In the face of that strong and still growing demand, it’s hard for me to imagine HSR not being successful if we can get it up and running.

“Steve,” an engineer in California who works in a field that will benefit from the public spending

map showing counties that voted Yes on Prop 1A


Here we are the greatest nation on Earth and the greatest state in the nation and we’re proposing early 20th century technology for our high speed rail project.  Japan is currently working on a magnetic levitation (maglev) high speed rail project and will have it in service long before we can build our antiquated system.

This high speed rail project must go back to the voters in California.

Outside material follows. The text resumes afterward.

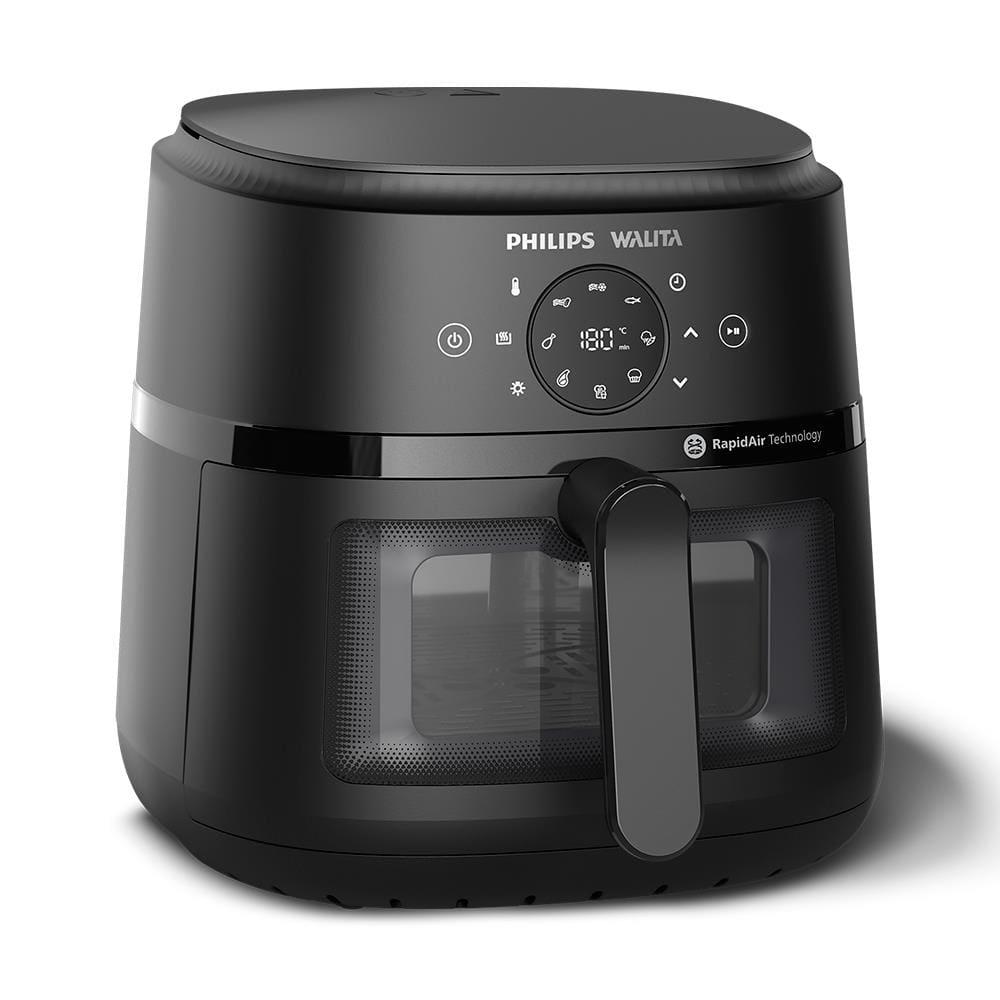 Fritadeira Elétrica Air Fryer Philips Walita 6,2L Série 2000 XL Digital NA230 Sem Óleo 1700W Preta - 2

The original cost estimate approved by the voters, $33.6 billion, was a blatant, fraudulent lie!  The most recent estimate of $98.5 billion proves this.  The lower estimate was designed to get voter approval to start the project, after which additional costs must be paid based on the “logic” that we can’t stop part way through, no matter the ultimate cost.

The estimate of a million jobs being created is also a blatant, fraudulent lie.  One job for ten years is NOT ten jobs!  This lie too was propagated to make the project appear beneficial.

There is no Federal money!  The US Congress cut all high speed rail projects from the past and current budgets.  In fact, there is no “government money”!  It’s OUR money, your money and mine.

There is no private money!  No one with any business acumen would invest in a dead loss project that has no possibility of any return.

Florida unceremoniously dumped their high speed rail project.  I’d hate to think that Floridians are more intelligent than we Californians, but it surely looks that way.

This high speed rail project appears to be just like The Big Dig in Boston only at a much higher cost!  That project was scheduled to be completed in 1998 at an estimated cost of $2.8 billion.  The project was not completed, however, until December of 2007, at a cost of over $14.6 billion.  The Boston Globe estimated that the project will ultimately cost $22 billion, including interest, and that it will not be paid off until 2038.

This project can never be completed for $98.5 billion.  Only after it has been started will we be told the actual cost.  Based on the way California is currently governed and the way government in general handles large public works projects, I’d say $300 billion might cover the actual cost.